*** RAW DATA

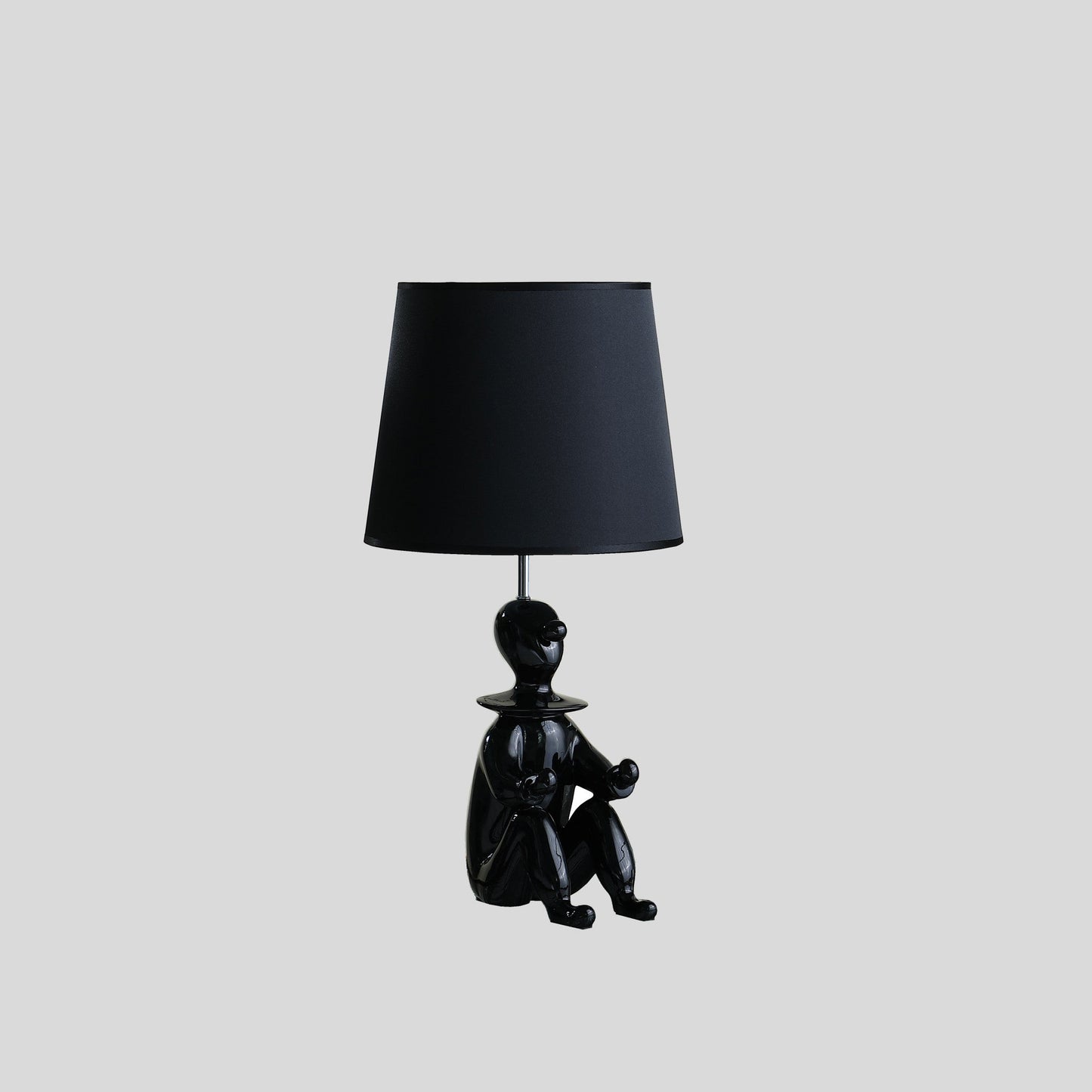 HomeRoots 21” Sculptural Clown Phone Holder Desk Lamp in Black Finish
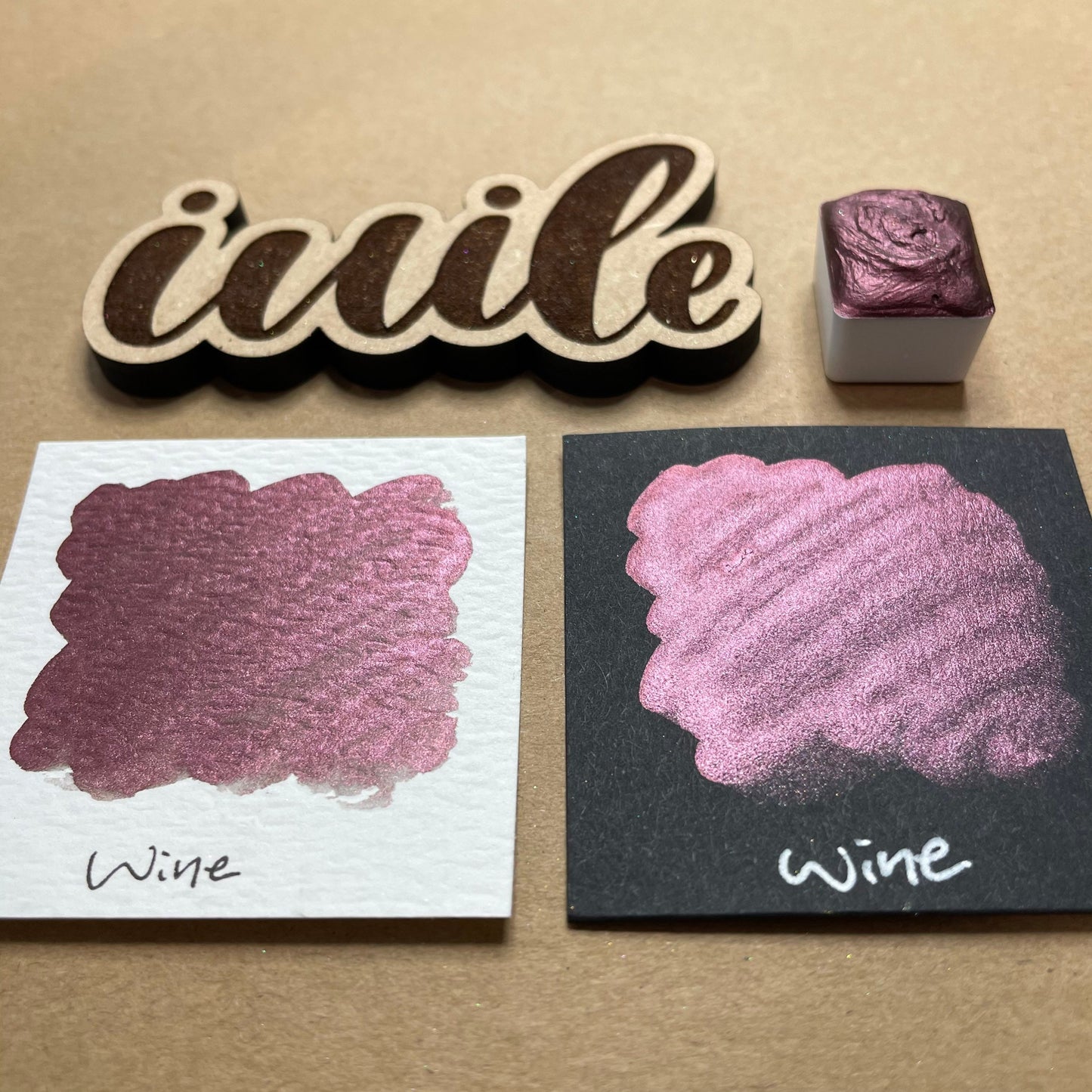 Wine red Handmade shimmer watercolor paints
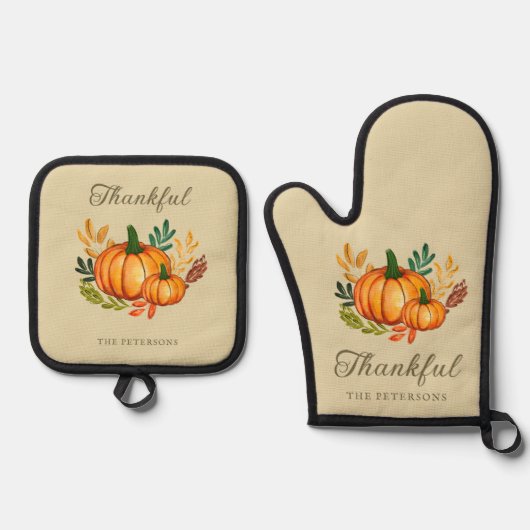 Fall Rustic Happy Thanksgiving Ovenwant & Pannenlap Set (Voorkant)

******

WHAT YOU HAVE TO DO: Find the line with "Wine red Handmade shimmer watercolor paints" in the listing and extract it and all lines after it through the end, exactly, without the pictures.

TASK RESPONSE:
 Wine red Handmade shimmer watercolor paints
 Fall Rustic Happy Thanksgiving Ovenwant & Pannenlap Set (Voorkant)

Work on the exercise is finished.